У многих, если не у большинства, мужчин в тех краях были судимости, в основном за пьяные драки, иногда – за убийства. Наш сосед Дмитрий в начале 1950-х совсем молодым человеком получил большой срок за пьяное убийство невесты из ревности. В заключении он строил какие-то подземные бетонные сооружения в Москве и Подмосковье.
Годы неволи он вспоминал не самыми плохими словами – по сравнению с жизнью в колхозе в военные и послевоенные годы в колонии было не так уж плохо: у заключенных был хлеб, иногда даже белый, постельное белье, библиотека – прочел Митя в тюрьме очень много. То, что заключенным тех лет жилось не хуже, чем вологодским колхозникам, подтверждает в воспоминаниях «Моя тюрьма» репрессированный филолог Е. Мелетинский: «Местные жители нисколько не жалели заключенных и даже отчасти завидовали им, так как вологодская деревня голодала уже несколько десятилетий, а здесь был хлеб» (Звезда. 1994. № 6).

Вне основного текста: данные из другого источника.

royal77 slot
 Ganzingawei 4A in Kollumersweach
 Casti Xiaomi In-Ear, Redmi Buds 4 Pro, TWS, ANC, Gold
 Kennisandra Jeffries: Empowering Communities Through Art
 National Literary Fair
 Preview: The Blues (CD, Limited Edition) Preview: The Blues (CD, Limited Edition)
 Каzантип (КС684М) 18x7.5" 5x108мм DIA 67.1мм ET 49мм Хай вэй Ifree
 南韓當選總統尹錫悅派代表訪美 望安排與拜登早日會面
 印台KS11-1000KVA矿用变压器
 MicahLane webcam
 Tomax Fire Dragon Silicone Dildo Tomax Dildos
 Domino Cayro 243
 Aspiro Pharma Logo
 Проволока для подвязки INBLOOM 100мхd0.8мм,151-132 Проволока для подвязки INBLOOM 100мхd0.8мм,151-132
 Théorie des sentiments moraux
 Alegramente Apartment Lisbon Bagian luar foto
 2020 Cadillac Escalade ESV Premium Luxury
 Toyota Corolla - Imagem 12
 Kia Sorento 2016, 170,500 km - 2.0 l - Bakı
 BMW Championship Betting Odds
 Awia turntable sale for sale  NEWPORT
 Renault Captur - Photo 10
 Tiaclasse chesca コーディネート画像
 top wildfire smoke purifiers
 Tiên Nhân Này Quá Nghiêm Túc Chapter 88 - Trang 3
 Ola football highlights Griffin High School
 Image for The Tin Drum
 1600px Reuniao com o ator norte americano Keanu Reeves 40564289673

Увидел я Дмитрия первый раз, когда мы въезжали в только что купленный дом. На нашу избу выходила задняя стена его дома. К стене был пристроен туалет из некрашеных сине-серых от времени досок, приколоченных друг к другу не просто неровно, а каким-то хаотически случайным образом. Окном был неправильной формы вырез, скорее даже случайная дыра в досках. В этой-то прорези я и увидел первый раз лицо соседа. Он долго, думаю десятки минут, застыв, смотрел на нас, появившихся по соседству… Ему тогда было лет пятьдесят.
Когда мы купили избу, входная дверь висела на одной петле и запиралась прутиком. Я, не будучи мастеровитым человеком, сделал, как умел, новую дверь, покрасил ее и с гордостью повесил. Уезжая на зиму, запер дом на новенький замок. Приехав весной, мы увидели, что дверь грубо сломана, но в доме ничего существенного не пропало. У соседей-дачников тоже все было на месте и цело. Я поправил дверь – следующей весной все повторилось. К счастью, старую дверь я не выкинул. Сняв новую, я вновь навесил на ту же одну петлю старую дверь, и, уезжая, мы заперли ее на прутик. Весной все было цело!
В вологодской деревне Леушкино. Слева – Дмитрий Николаевич (Митя)
Мой тесть, коренной вологжанин, рассказывал: на сельских праздниках бывало так, что, несмотря на все желание собравшихся подраться, подходящего противника рядом не оказывалось, и тогда ножом ударяли корову или лошадь. Я такого, к счастью, не видел, но вот некое подтверждение слов тестя в стихотворении «Снуют. Считают рублики…» вологодского поэта Николая Рубцова, знатока и патриота тех мест: «Не знаю, чем он кончится – запутавшийся путь, но так порою хочется ножом… куда-нибудь!» Даже не «кого-нибудь», а «куда-нибудь»!
Недавно, пытаясь понять подобные загадки в поведении местных жителей, я перечитал стихи Н. Рубцова и не нашел в них упоминаний о каких бы то ни было контактах с односельчанами. Почему? Почему земляки интересовали его гораздо меньше, чем природа родного края?
Особенности характера вологжан лучше других, пожалуй, показал Александр Вампилов – притом что жил он в Иркутске и описывал своих земляков. Его пьесы созданы как раз в конце 1960-х – начале 1970-х, и персонажи их похожи на многих моих вологодских знакомых, правда именно горожан среднего возраста, а не деревенских жителей.
Верно говорится: «Не стоит село без праведника». Был такой человек и в нашей деревне – пожилой инвалид Александр Осипович Соколов, дядя Саша. У него в избе мы останавливались, пока не купили свою. Дядя Саша всегда радостно встречал нас, с интересом расспрашивал о жизни в Ленинграде. Узнав, что в магазинах у нас можно купить даже всякие разносолы, он удовлетворенно кивал головой и говорил: «Так и должно быть. Ведь у вас иностранные гости бывают». Рассказывая здесь о дяде Саше, я употребил слова «радостно», «с интересом». Подобные эмоции не были свойственны его землякам.
Помню один его рассказ о послевоенных годах, когда дядя Саша работал (вероятно, сторожем) на зерновом складе. Как-то пришел к нему начальник с проверкой. Пришел в широченных по тогдашней моде галифе. В штанины галифе проверяющий плотно насыпал зерно. Штанины надулись и затвердели. Когда он вышел на улицу, галифе расстегнулись от тяжести, и начальник оказался в спущенных штанах среди кучи зерна.